Having Eli has required Eric and I to have conversations I hoped I’d never have – about what happens if we can’t protect him. Eleven years of watching, constantly checking, constantly obsessing about where Eli is and whether he is safe has made us recognize that we simply aren’t perfect and are going to fail sometimes. We have done everything we possibly can to keep him safe, and it has worked – but we could lose the lottery one day – we could fail to protect him, because we’re human and imperfect. We also have had to balance his needs for safety with his right to a childhood in ways that most parents get to abandon once their children leave toddlerhood. We could have one of us stay with him always – but he has a need for space and independence. We could prevent him from ever going more than a few steps away from Mom and Dad – or we could accept a marginally higher risk, and let him back out in the yard with the 8 foot fence he *can* climb, trusting that our lessons about not climbing and our frequent observations will protect him.

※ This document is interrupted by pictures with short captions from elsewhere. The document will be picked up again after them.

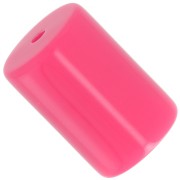 Perline tubolari cilindriche in resina opaca 13x9 mm - Rosa confetto x6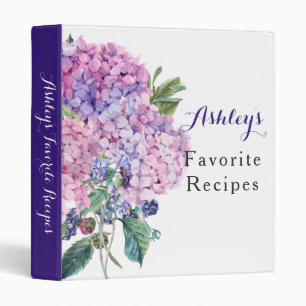 Classeur floral de recette d'hortensia rose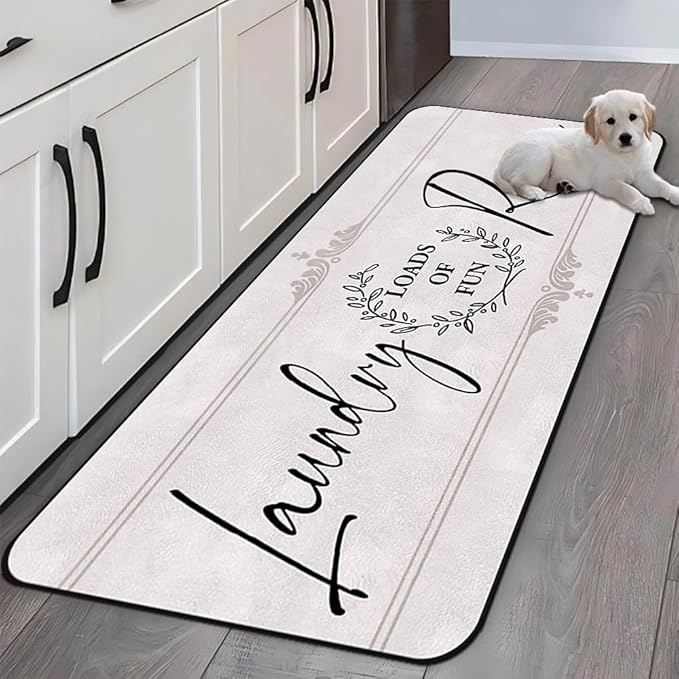 Laundry Room Rug Runner 20"X47" Non Slip Farmhouse Mats Organization and Washable Floor Long Rugs for Laundry Room Accessories Mudroom Kitchen Bathroom Area Rugs Decor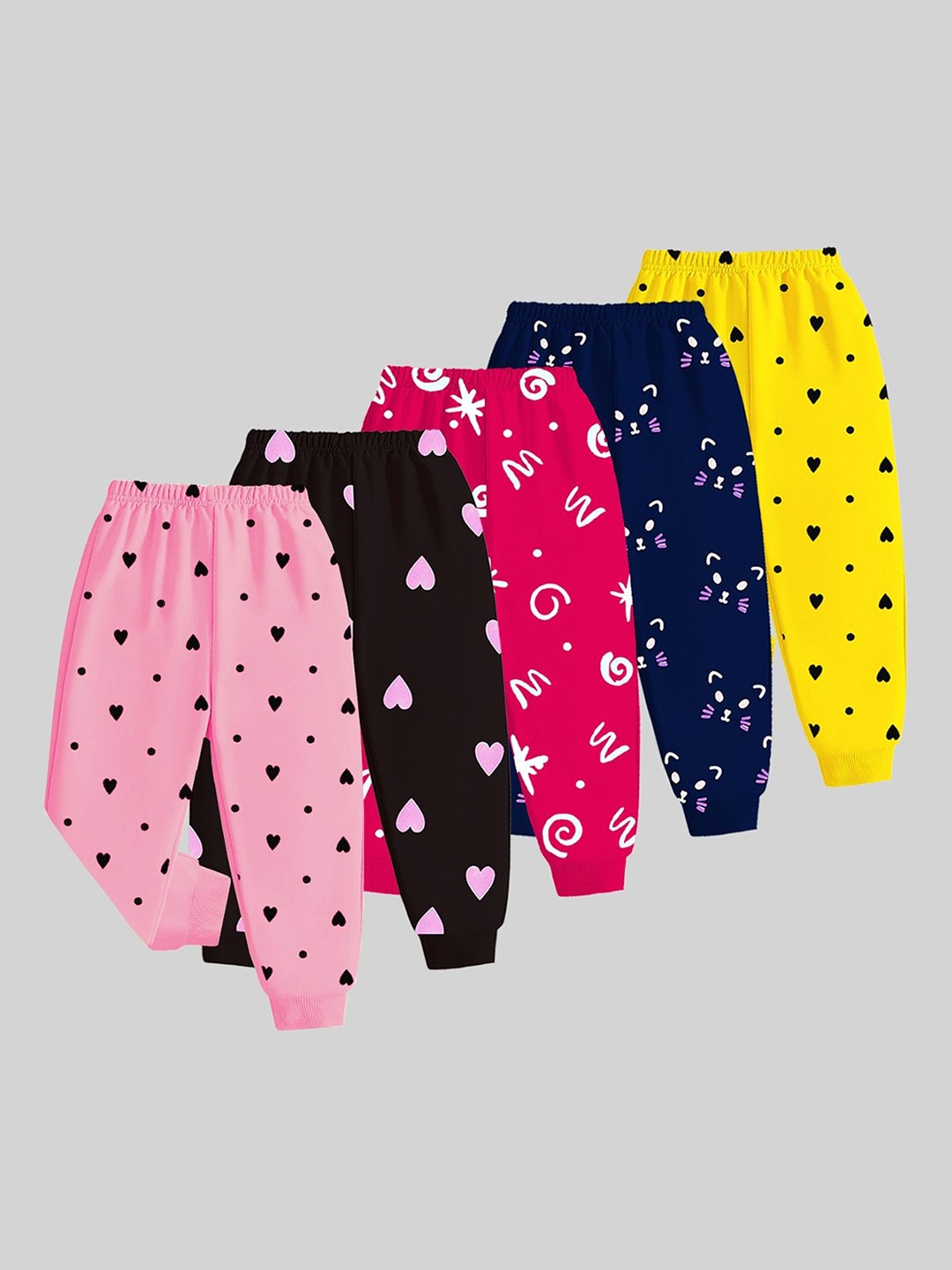 

KUCHIPOO Girls Pack Of 5 Printed Cotton Joggers, Pink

Ultimately we make these same judgements with our own children. Last month, all three of my younger sons earned pocket knives. Each of them desperately wanted one, and we hesitated before giving 5 year old Asher a knife (to be fair, he is only permitted to use his under adult supervision – 7 year old Isaiah and 9 year old Simon can use theirs unsupervised as long as we never see any evidence of misuse). But Asher is responsible, and he does do an astonishing number of responsible things for a kid his age. We both felt instinctively that he was ready, and the children’s pride in being trusted was worth a lot. So far, Asher is the only one who hasn’t managed to cut himself ;-).
Safer or stronger? How do you choose? It isn’t a great set of choices. I can’t say it is made better by the knowledge I could be arrested and lose custody of my other children for the judgements I’ve made, either.
Sometimes a wandering child is a sign of a serious problem – kids left alone for days by parents off doing something else, parents so drunk or drugged that they aren’t aware of their kids. I can understand why this raises red flags, and worries. At the same time, it is one of those fairly universal experiences – and bringing down CPS is a frightening thing both in perception and reality.
In older, less energy intensive societies, people love their children just as deeply. They cannot, however, helicopter parent them in the same ways when there is constant domestic work to be done and no money for a supply of professional caregivers. As free-range parenting advocates have pointed out, there are gains as well as potential losses in this model, where children have more freedom – and, let’s be blunt, more risk – but have also the chance to develop independence and autonomy.
I don’t claim these are easy choices – they are hard for me and my family, they are hard for most parents. What I don’t grasp his how blaming any parent for daring to sleep makes children any safer. Instead, it sets up parents to do the impossible – and refuses to acknowledge that it is impossible.